Since taking office, Trump has taken numerous actions in violation of existing laws that the administration believes are contradicted by Trump v. United States. Pool via Associated Press
While the court ultimately declined to overturn the restraining order — with dissents from Justices Samuel Alito and Neil Gorsuch — it’s clear that the Trump administration believes that the holding in Trump v. United States extends beyond the Justice Department and the president’s removal power to constitutionalize a presidential power to direct the “decisionmaking” for all investigative and prosecutorial agencies.
Beyond The Unitary Executive
Nor has that argument, or actions based on it, been limited to legal briefs. On Feb. 19, Trump issued an executive order which would effectively end the independence of all executive branch agencies including the Federal Trade Commission, Securities and Exchange Commission, Federal Election Commission, National Labor Relations Board and even most functions of the Federal Reserve. The order declared that only the president and attorney general “shall provide authoritative interpretations of law for the executive branch” and ordered all agencies to run any action through the White House’s Office of Information and Regulatory Affairs.
This position, though, goes far beyond the existing scope of the unitary executive theory it’s based on. “You could use unitary executive theory to support this, but that’s not something the courts have ever contemplated,” Pearlstein said.
The executive order also claimed to grant Office of Management and Budget director Russell Vought the power to impound congressionally-appropriated funds and direct agencies how they can spend congressionally-appropriated funds, which, “has nothing to do with the unitary executive theory,” according to Pearlstein.
Where the administration’s arguments around the president’s removal power may go beyond what the court held in Trump v. United States, they are at least built on that decision’s legally binding language regarding the firing of the attorney general. On the other hand, its efforts to blow past the unitary executive theory are rooted in what Goldsmith calls a “muddled mishmash” of dicta, statements in a decision that are not controlling, about executive power.

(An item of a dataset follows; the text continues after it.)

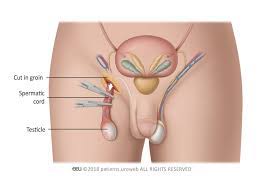 Symptoms of advanced prostate cancer symptoms of advanced prostate cancer include: Testicular Cancer Patient Information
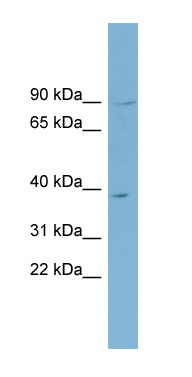 Anti-C16orf48 antibody (ab98323) at 1 µg/ml + PANC1 cell lysate at 10 µg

This can be seen in a 2024 paper from conservative legal scholars Mark Paoletta, now the general counsel for the Office of Management and Budget, and Daniel Shapiro, now the deputy chief legal officer for the Consumer Financial Protection Bureau. The two argued that the president has the right to decline to spend money appropriated by Congress — thus undercutting a primary Congressional power — stemming “from the President’s conclusive and preclusive authorities the Court sets out in the Trump v. United States opinion.”
The paper cuts and pastes dicta from Trump v. United States to craft a vision of executive power more expansive than any previously conceived. Under this reasoning, the president “may act even when the measures he takes are ‘incompatible with the expressed or implied will of Congress,’” according to Paoletta and Shapiro’s mish-mash.

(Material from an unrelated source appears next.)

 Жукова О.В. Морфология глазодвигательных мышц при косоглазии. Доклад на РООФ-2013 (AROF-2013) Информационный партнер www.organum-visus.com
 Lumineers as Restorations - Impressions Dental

This analysis is “big league wrong,” Shane said. “[Their] analysis is intended to subvert one of Congress’ main levers to function as a coequal branch of government, which is the power of the purse.”

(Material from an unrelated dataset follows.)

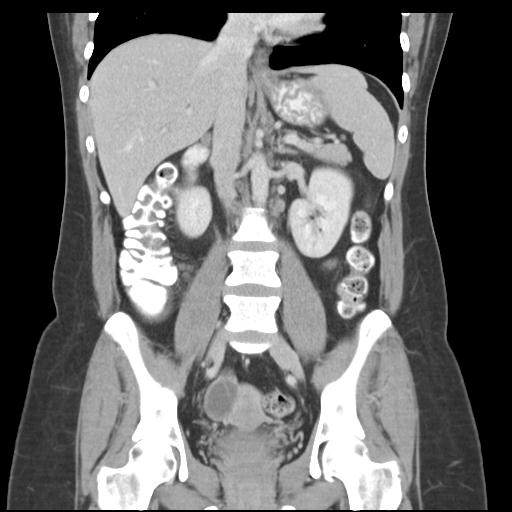 Acute appendicitis (Radiopaedia 30297-30934 Coronal C+ portal venous phase 26).jpg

Black tape covers the name of USAID on a street sign outside of its former offices. The agency is being dismantled by Trump and is at the heart of questions of executive power. Manuel Balce Ceneta via Associated Press
“There is no traditional tool of legal reasoning that supports the notion that the president has some sort of exclusive impoundment power” to restrict funds already approved by Congress, Pearlstein said.
Both Shane and Pearlstein think that while Trump’s arguments around the removal power may win support at the Supreme Court, these arguments in favor of a constitutional impoundment power would fail.
This is one of many potential pitfalls for the Trump administration’s belief that Trump v. United States blessed a maximal vision of executive power that flies far past the existing lines of unitary executive theory. But the Supreme Court never explained how far its vision of executive power in Trump v. United States extends, leaving the administration’s claims on shaky theoretical grounds.
“These flawed executive authority lessons that the Trump administration seems to be gleaning are a profound misreading of the decision in Trump v. United States,” said Praveen Fernandes, vice president of the Constitutional Accountability Center, a liberal legal group. “That decision was not a signal that the executive branch and president could do whatever they want. If that is the Trump administration view, then it is misreading the decision and overplaying its hand.”
At the same time, Trump’s assertions are building on the court’s own patterns. The court’s conservative supermajority has built the legal apparatus for the unitary executive theory one decision at a time ― Trump v. United States merely went one step further. The question now is whether the court will go down the road of blessing Trump’s claims that Article II of the Constitution gives him “the right to do whatever I want as President.”
The consequences of the court adopting the vast vision of executive power that the Trump administration sees in Trump v. United States in a formal decision would be monumental.
“A court decision that holds that it would be unconstitutional to impose any restrictions on the president’s ability to fire heads of independent agencies would not only dismantle the administrative state as we know it up to and including the Federal Reserve,” Pearlstein said. “If they swept that broadly, it would have unfathomable consequences for not just the American economy but the global economy as a whole.”
It would also transform the relationship between the president, Congress and the courts to create a truly imperial presidency ― above and apart from the other branches.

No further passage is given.